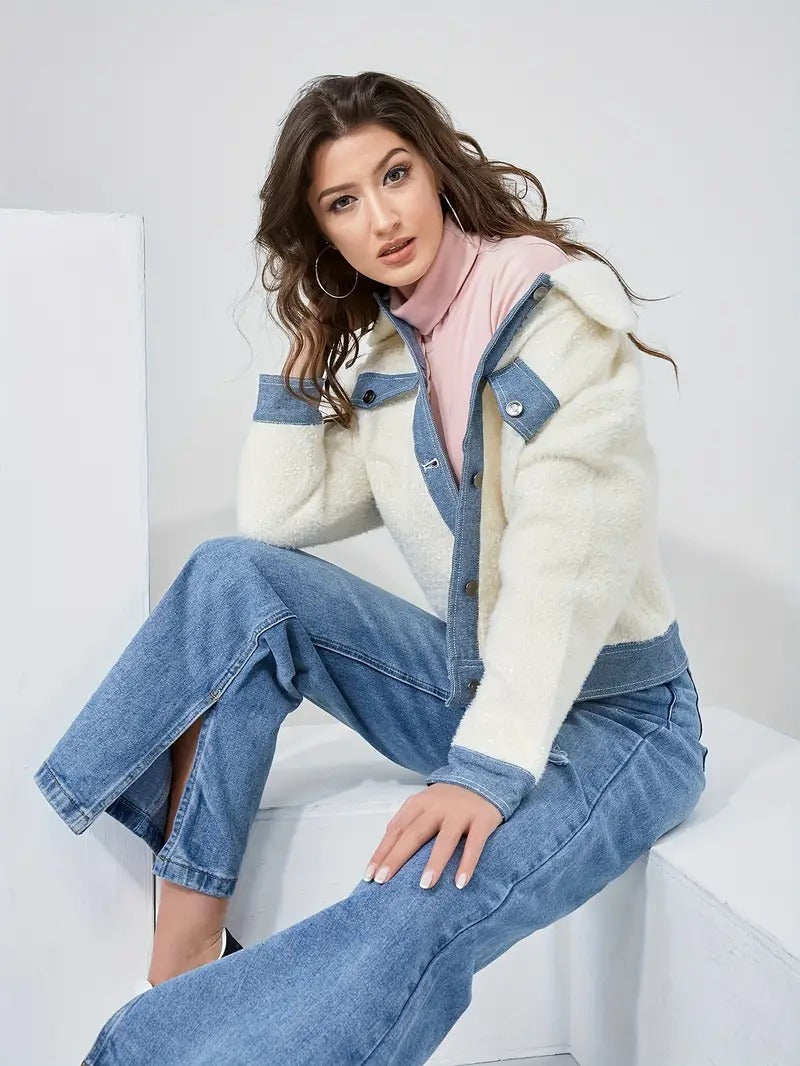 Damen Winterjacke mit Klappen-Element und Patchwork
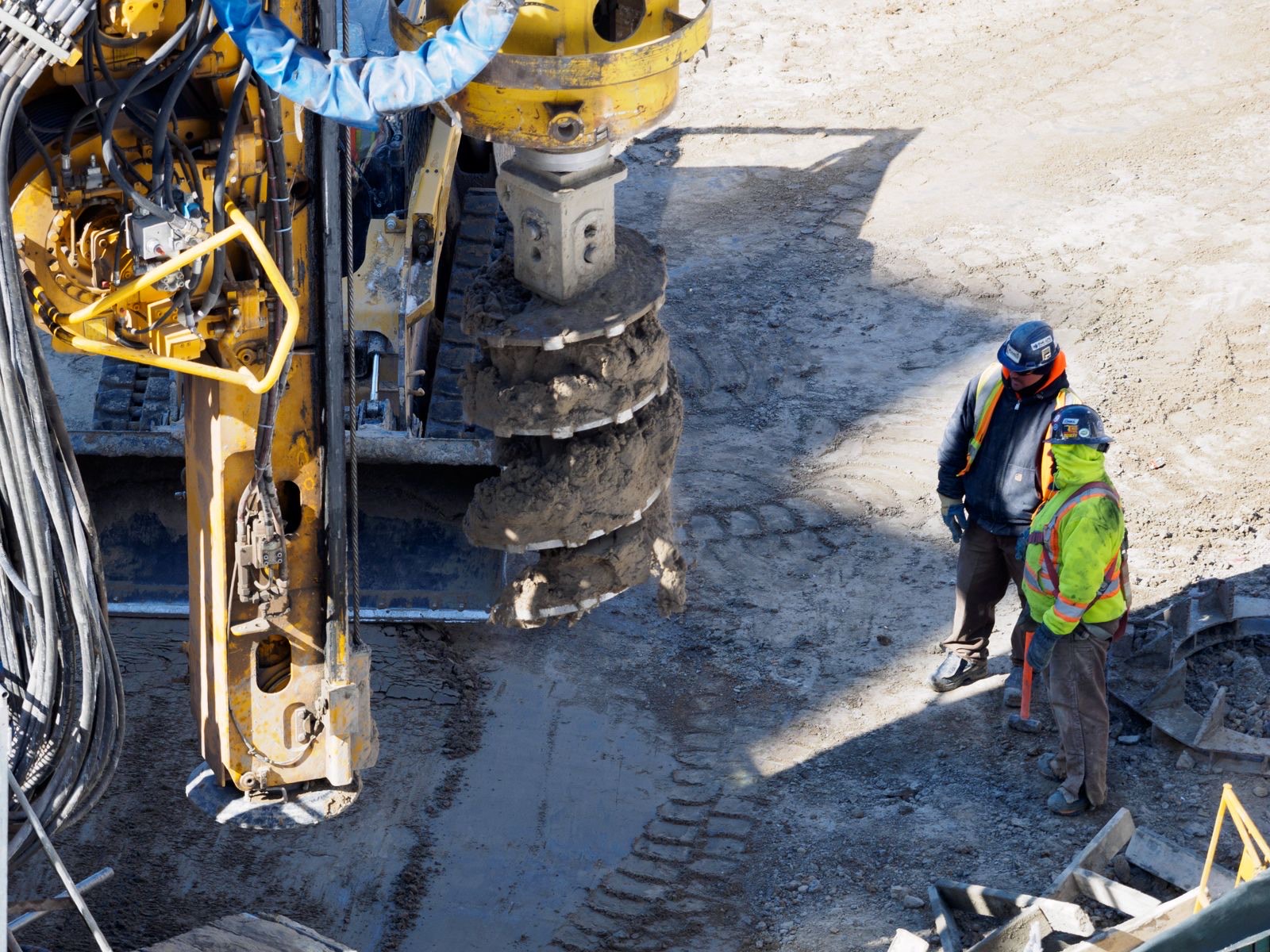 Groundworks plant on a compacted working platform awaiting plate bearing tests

* * *

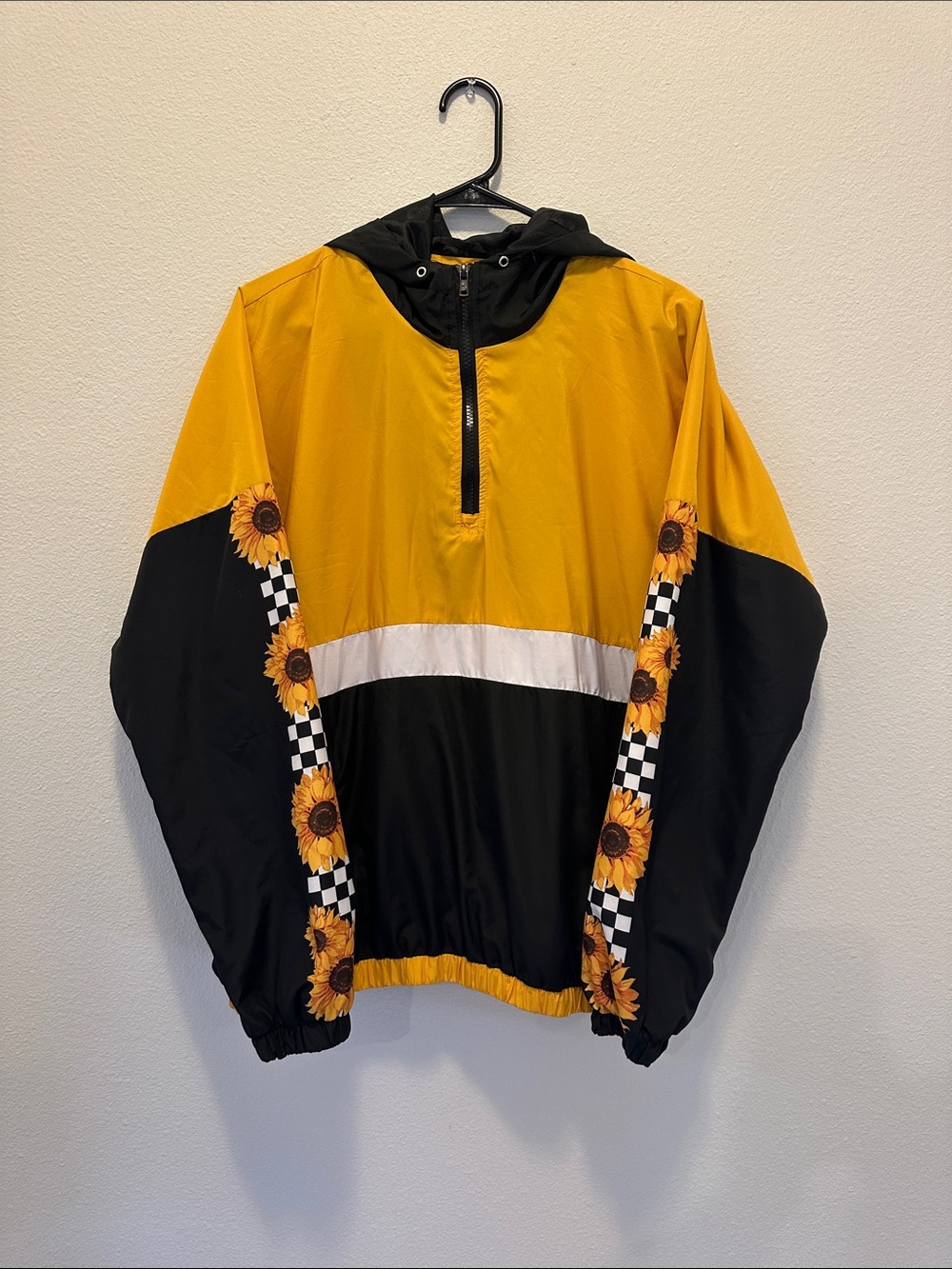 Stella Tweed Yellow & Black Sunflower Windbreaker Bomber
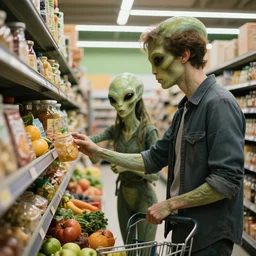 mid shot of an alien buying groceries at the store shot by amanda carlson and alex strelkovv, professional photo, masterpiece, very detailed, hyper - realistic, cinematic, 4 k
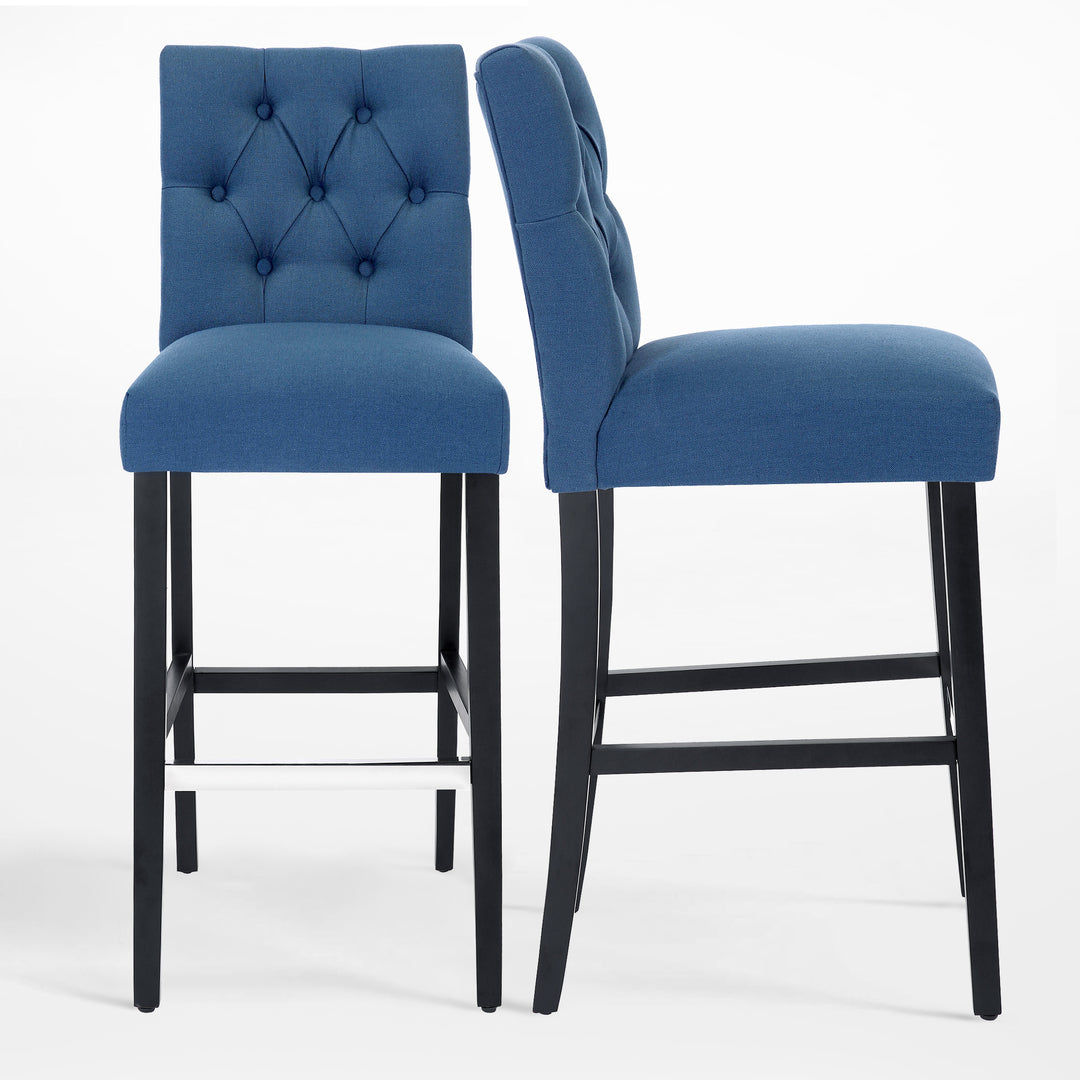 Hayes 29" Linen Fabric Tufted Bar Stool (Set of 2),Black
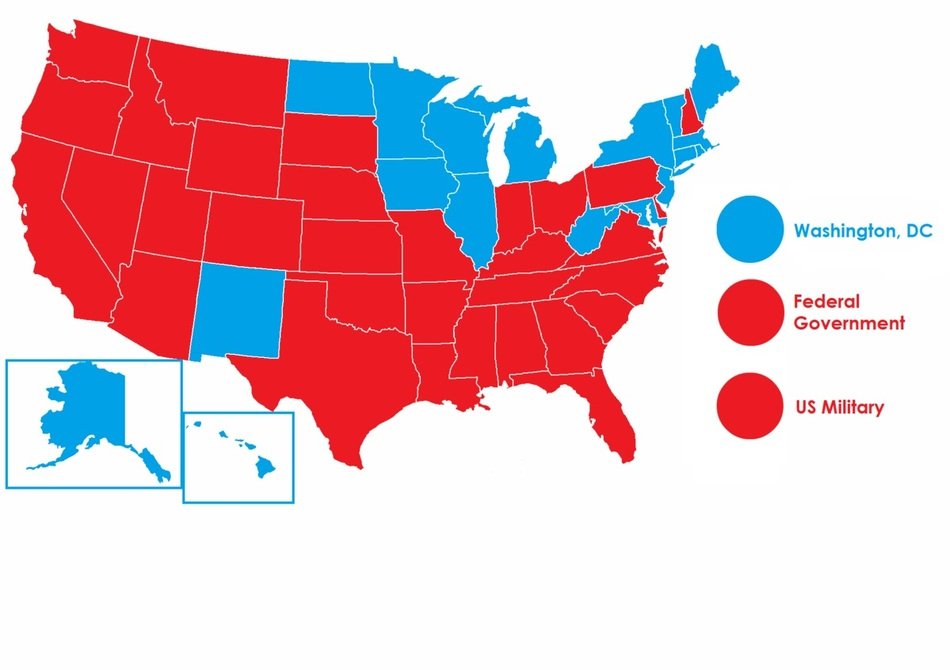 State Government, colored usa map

--

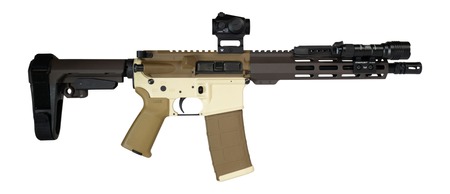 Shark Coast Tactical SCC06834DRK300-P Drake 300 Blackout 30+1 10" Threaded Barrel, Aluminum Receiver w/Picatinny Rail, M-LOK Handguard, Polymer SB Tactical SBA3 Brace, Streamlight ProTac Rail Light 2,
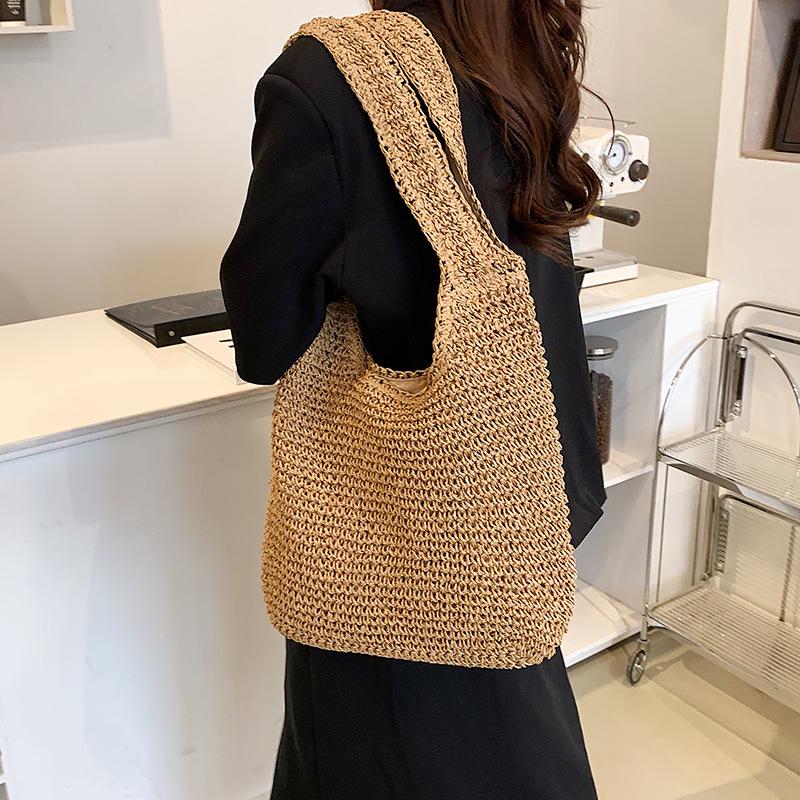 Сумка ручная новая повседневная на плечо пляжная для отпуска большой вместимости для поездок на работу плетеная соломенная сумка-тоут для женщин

WHAT YOU NEED TO DO:
Look above for the line with "mid shot of" and the line with "State Government, colored usa map", then copy them and all lines in between exactly as written, and only those, without any pictures.

SOLVED EXERCISE:
 mid shot of an alien buying groceries at the store shot by amanda carlson and alex strelkovv, professional photo, masterpiece, very detailed, hyper - realistic, cinematic, 4 k
 Hayes 29" Linen Fabric Tufted Bar Stool (Set of 2),Black
 State Government, colored usa map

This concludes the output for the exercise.